Instrumentalisation de l'accueil des réfugiés.1

Après le président, le rédacteur en chef Antoine Spire titre son article sur l'accueil des réfugiés. Pour en dire quoi ?

Eh bien, rien de très concret sur les réfugiés et sur leur accueil. Simplement, les antiracistes politiques ne feraient rien pour accueillir les réfugiés, et ils saboteraient même cet accueil en jouant le communautarisme (les Noirs défendent les Noirs, etc..) et la concurrence des mémoires.

Et ils ne lutteraient pas contre l’antisémitisme.
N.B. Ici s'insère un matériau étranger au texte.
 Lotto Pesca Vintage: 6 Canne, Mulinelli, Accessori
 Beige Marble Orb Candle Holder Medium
Je n'ai pas encore trouvé le lien entre les gens qui se noient en essayant d'arriver en Europe, l'accueil riquiqui des réfugiés par la France officielle et l'antisémitisme.
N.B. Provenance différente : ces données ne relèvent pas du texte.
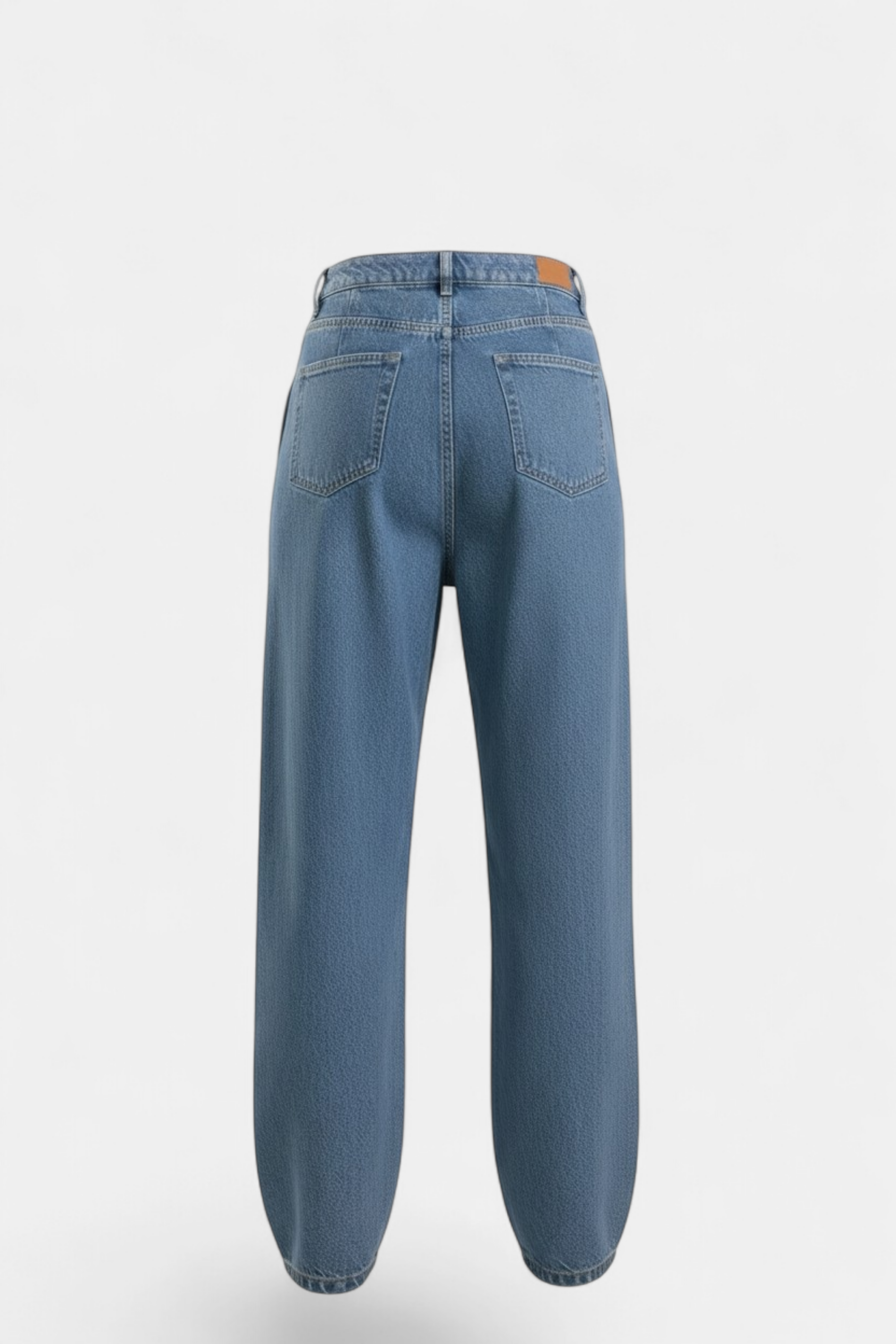 Loose Fit Denim Jeans detail shot — quality fabric Pakistan | MannMoji
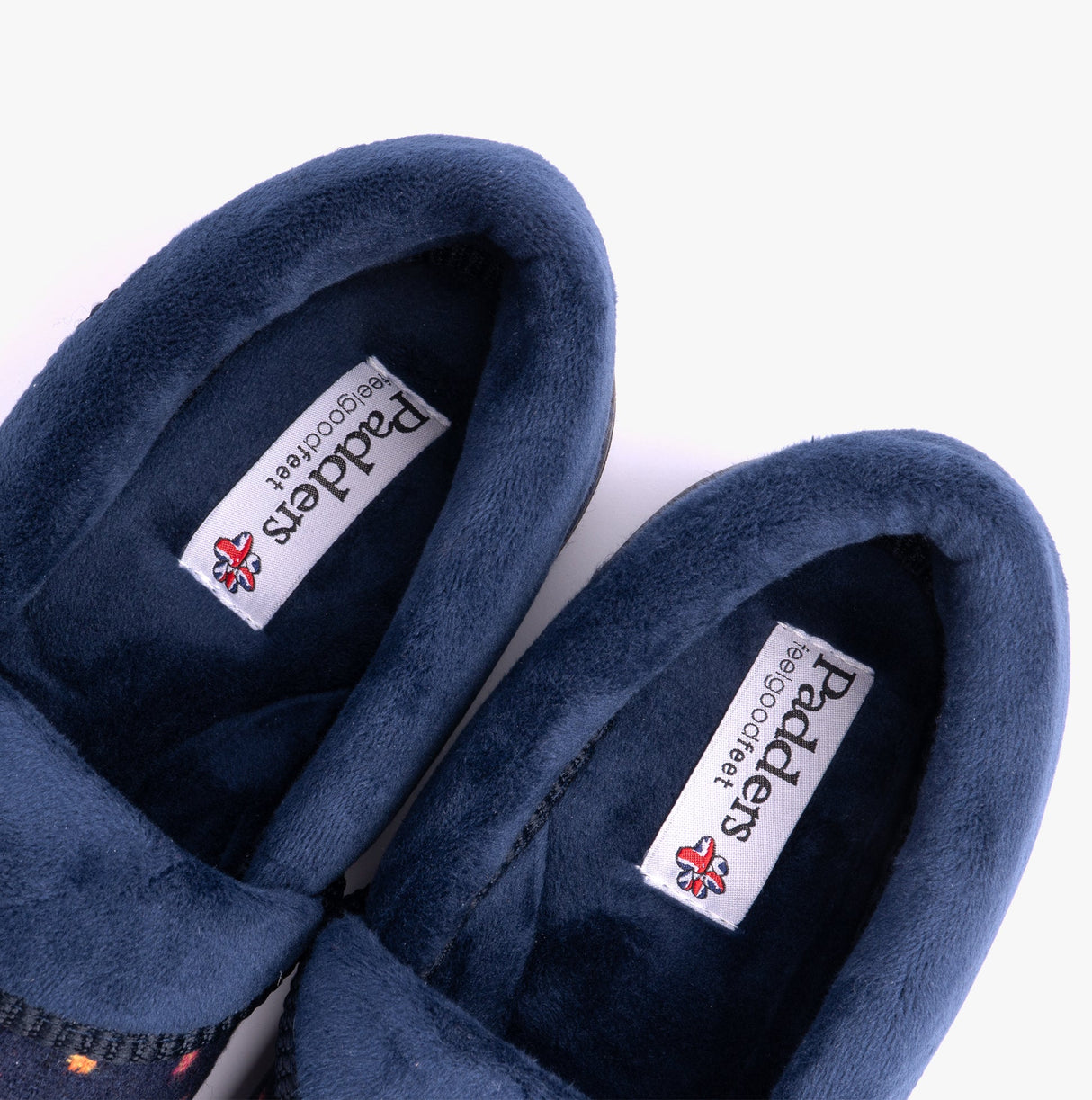 Padders MELLOW Womens (2E Fit) Full Slippers Navy Woven Spot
En revanche, j'ai trouvé ce texte signé par des militants connus de l'antiracisme politique sur le site du PIR. On y parle des migrants et de la nécessaire solidarité avec eux.

Et les exemples de solidarité avec les migrants, les réfugiés, ceux qui les soutiennent sont nombreux du côté de l'antiracisme politique.

Antoine SPIRE sait-il que des associations ont obtenu devant la Cour de cassation la condamnation de l'État pour faute lourde à cause de certains contrôles au faciès, contrôles que le gouvernement « qui lutte aussi bien contre le racisme » a tenté de justifier au nom de la lutte contre l'immigration illégale ? Il semble que non.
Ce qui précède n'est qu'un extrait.